Timescale and Aggregation
Sometimes, the format of the data that serves as the start of a use case doesn't actually match the desired format of the results. These situations require data transformations(s), molding the data to match the expectations and wishes of the use case.
Timescale
Each dataset uploaded to the TIM Repository has a certain sampling period. Sometimes, it may be desirable to scale the data over time, so that the data can be worked with in another granularity than the original (estimated) sampling period. This timescaling also kicks in when regularizing irregular data to make it more suitable for analysis.
For example, IoT data can be measured with a sampling period of one second, while it might be more useful to analyze this data on a more coarse-grained level, such as with a sampling period of a minute or even 10 minutes. Alternatively, sales data might be collected for each hour, while a use case intended to forecast demand to enable adequate restocking is interested in the expected daily or even weekly sales numbers. In such cases, transforming the data by timescaling enables users to intuitively perform their analysis with TIM.
Requirements
The timescale is configured by setting the base unit (second, minute, hour or day) and the number of base units (an integer larger than 0) corresponding to the desired sampling period.
There are certain limits on the available sampling rates to transform data to by timescaling:
- the timescale should not be smaller than the original (estimated) sampling period, and
- the timescale should always be a divisor or product of a time unit.
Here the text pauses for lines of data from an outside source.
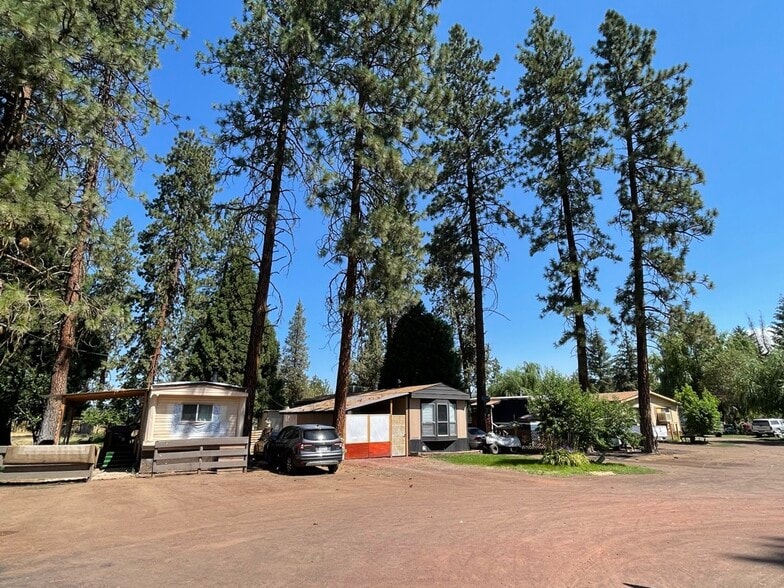 44614 State Highway 299 E, Mcarthur, CA à vendre - Photo de l’immeuble – Image 3 sur 13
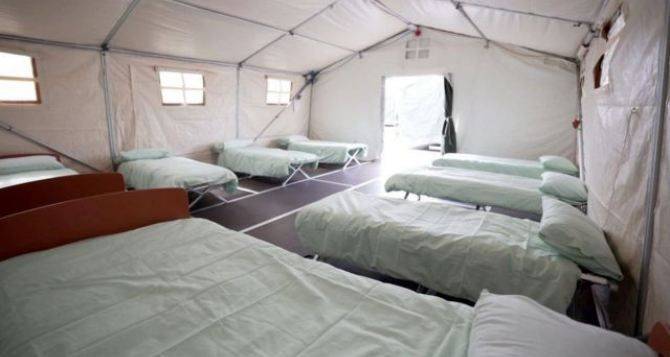 Украинских беженцев в Ирландии все же разместят в палатках. Жилья нет.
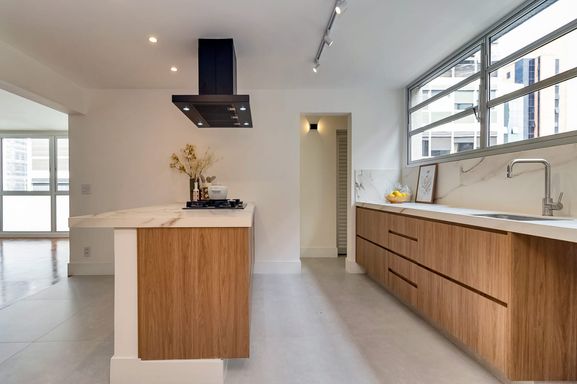 #ApartamentoÀVenda

#CentroDaCidade

#VistaPanorâmica

#SacadaComVidro

#ApartamentoReformado

#SemiMobiliado

#Oportunidade

#ProntoParaMorar

#ExcelenteLocalização

#ImóvelDeOportunidade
It is for example possible to set the timescale for a dataset with an original sampling period of 1 hour to 8 hours, or 48 hours (equivalent to setting it to 2 days), but it's not possible to set it to 7 hours or 49 hours.
Aggregation
When scaling time-series data and thereby increasing the sampling period, the data is aggregated in some way. This means that a variable's values over multiple observations are grouped together and condensed into a single value.
Aggregation types
TIM supports multiple ways of aggregating data, including:
- Mean: the mean of the aggregated values is taken,
- Sum: the sum of the aggregated values is taken,
- Minimum: the minimum of the aggregated values is taken, and
- Maximum: the maximum of the aggregated values is taken.
Currently, the chosen aggregation type is applied over the complete dataset, i.e. there is no way to differentiate the type of aggregation between different variables.
Imagine a dataset that consists of product sales numbers, and includes temperature data as a potential predictor. It makes sense to aggregate these sales amounts by Sum, yet intuition indicates temperature would better be aggregated by Mean. Separately setting these aggregation types is currently not supported; however this is mathematically not problematic (in regular datasets) in model building as these differences are caught by the model's coefficients.
Default behavior
By default, TIM aggregates numerical variables by Mean, boolean variables by Maximum, and categorical variables by mode (the mode method is only used for categorical variables and can not be set or changed).
Working with time zones
Using TIM's transformation functionalities such as timescale and aggregation increases the importance of correctly handling time zones, specifically when working with sampling periods shorter than one day.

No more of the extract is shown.